Fetal Alcohol Spectrum Disorder (FASD) is the leading cause of birth defects and developmental and learning disability worldwide (Mather, Wiles, & O'Brien, 2015). FASD is a brain based disorder caused by the impact of alcohol on the growing fetus. Alcohol readily crosses the placenta and is teratogenic, causing damage to the central nervous system and other organ systems, as well as impairment to prenatal and postnatal growth (Fitzpatrick & Pestell, 2016; Bower & Elliott, 2016). FASD is described as the ‘hidden harm’ as it is often under-recognised and goes undiagnosed as children will not always show physical abnormalities despite being profoundly affected (Bower & Elliott, 2016; McLean, McDougall & Russell, 2014).

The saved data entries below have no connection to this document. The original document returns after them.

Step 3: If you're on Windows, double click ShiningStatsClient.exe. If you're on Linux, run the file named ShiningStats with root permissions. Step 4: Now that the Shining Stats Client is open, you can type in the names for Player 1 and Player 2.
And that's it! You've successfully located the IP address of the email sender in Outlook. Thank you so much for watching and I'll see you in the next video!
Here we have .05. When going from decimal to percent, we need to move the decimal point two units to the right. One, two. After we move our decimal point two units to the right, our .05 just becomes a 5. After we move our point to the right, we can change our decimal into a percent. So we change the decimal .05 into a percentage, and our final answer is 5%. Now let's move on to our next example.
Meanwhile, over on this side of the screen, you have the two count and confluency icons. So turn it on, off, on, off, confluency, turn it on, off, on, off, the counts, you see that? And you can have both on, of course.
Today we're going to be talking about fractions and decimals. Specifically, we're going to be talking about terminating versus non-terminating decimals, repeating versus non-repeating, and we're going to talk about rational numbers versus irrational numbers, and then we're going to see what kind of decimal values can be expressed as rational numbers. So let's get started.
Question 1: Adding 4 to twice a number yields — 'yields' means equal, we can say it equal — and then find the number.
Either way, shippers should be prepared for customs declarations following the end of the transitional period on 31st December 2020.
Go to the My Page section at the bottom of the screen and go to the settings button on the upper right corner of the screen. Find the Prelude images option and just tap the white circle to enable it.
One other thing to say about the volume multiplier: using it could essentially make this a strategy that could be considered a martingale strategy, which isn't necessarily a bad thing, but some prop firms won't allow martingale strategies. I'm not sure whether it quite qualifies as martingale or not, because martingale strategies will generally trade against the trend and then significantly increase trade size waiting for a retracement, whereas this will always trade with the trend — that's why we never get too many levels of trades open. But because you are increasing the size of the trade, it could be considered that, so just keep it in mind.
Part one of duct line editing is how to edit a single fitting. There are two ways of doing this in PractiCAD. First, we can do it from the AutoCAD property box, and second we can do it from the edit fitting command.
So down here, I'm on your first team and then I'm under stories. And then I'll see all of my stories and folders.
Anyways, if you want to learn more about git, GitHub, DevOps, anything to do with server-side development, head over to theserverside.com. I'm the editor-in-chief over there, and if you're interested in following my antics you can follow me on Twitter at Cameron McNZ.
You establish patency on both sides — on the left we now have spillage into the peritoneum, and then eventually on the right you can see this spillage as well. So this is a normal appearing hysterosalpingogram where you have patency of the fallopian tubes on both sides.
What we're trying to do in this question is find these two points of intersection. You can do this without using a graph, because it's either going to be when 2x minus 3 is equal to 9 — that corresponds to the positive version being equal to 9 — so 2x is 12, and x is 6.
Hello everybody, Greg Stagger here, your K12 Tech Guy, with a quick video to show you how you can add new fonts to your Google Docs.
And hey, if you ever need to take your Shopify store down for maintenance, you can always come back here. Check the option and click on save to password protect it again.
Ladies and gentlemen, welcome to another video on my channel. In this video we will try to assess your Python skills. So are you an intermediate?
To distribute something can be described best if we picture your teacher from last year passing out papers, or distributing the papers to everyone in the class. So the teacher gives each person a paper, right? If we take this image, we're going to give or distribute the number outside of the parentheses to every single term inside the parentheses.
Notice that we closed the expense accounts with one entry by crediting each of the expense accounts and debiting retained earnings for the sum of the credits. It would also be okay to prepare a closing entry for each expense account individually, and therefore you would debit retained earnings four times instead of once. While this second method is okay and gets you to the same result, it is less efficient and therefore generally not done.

Due to ‘unhealthy relationship’ the Australian population has with alcohol, as well as a transgenerational acceptance (Adubato & Cohen, 2011) that drinking during pregnancy is safe, the full understanding and impact of FASD is yet to be entirely understood in the Australian context (Fitzpatrick & Pestell, 2016). With the presence of FASD occurring in all populations, there is a stronger presence in high risk communities such as remote Aboriginal communities and children in care (Fitzpatrick & Pestell, 2016). Additionally, with the social-emotional, neurophysical and behavioural difficulties that come with FASD, there is a higher presence of individuals living with FASD in the criminal justice system, adding complexity to the societal issues around the disorder (Fast & Conry, 2009).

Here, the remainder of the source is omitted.